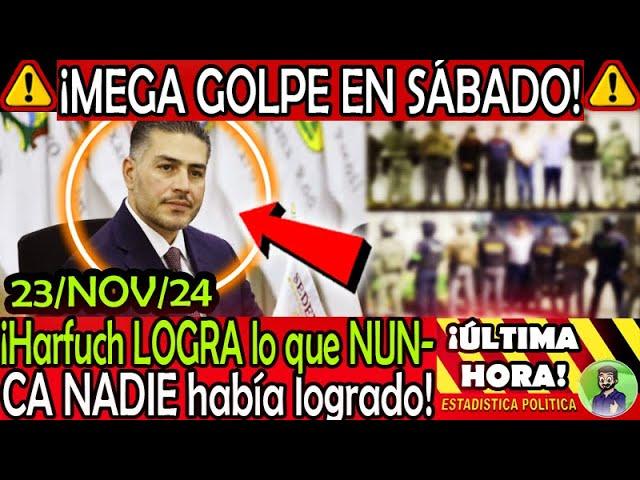 OTRO MEGA GOLPE EN SABADO ¡ ASI ES COMO HIZO LO QUE NUNCA NADIE MAS HABIA HECHO ! HARFUCH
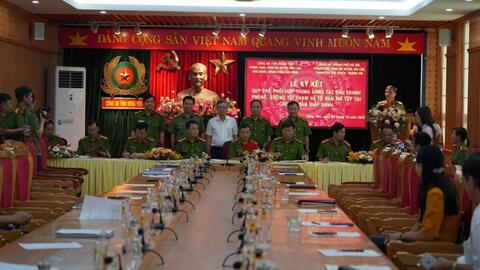 Hà Nội - Hưng Yên phối hợp đấu tranh phòng chống tội phạm ma tuý ở khu vực giáp ranh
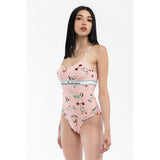 Moschino Pink Cotton Bodysuit - Chic and Versatile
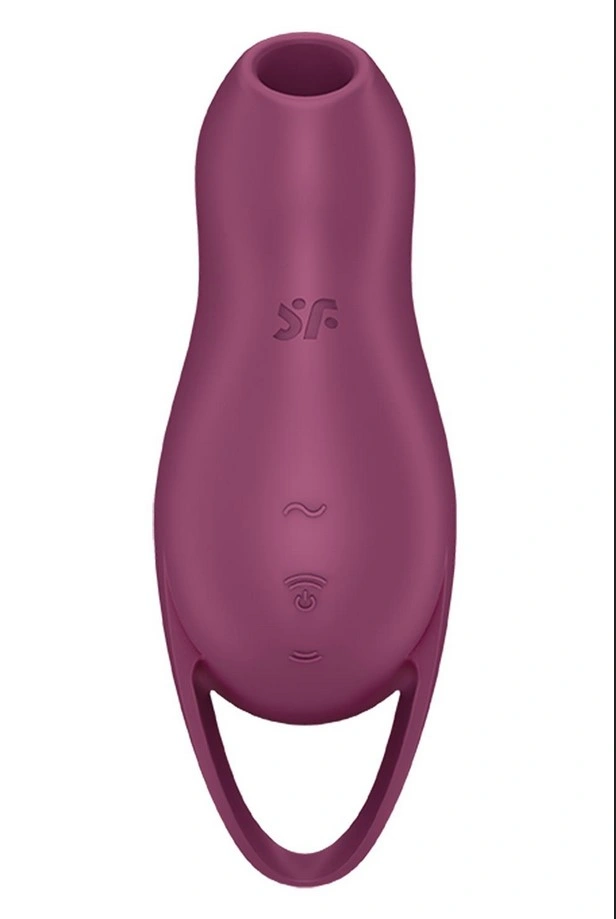 Stimulator Clitoris Satisfyer Pocket Pro 1, Air Pulse&Vibration, Silicon, IPX7, USB, Mov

================================

→ **DIRECTIONS FOR THIS TASK**
Hand back exactly the lines from the one with "Moschino Pink Cotton" through the last line of the data above, both ends included, with every picture left out.

→ **SOLVED EXERCISE**
 Moschino Pink Cotton Bodysuit - Chic and Versatile
 Stimulator Clitoris Satisfyer Pocket Pro 1, Air Pulse&Vibration, Silicon, IPX7, USB, Mov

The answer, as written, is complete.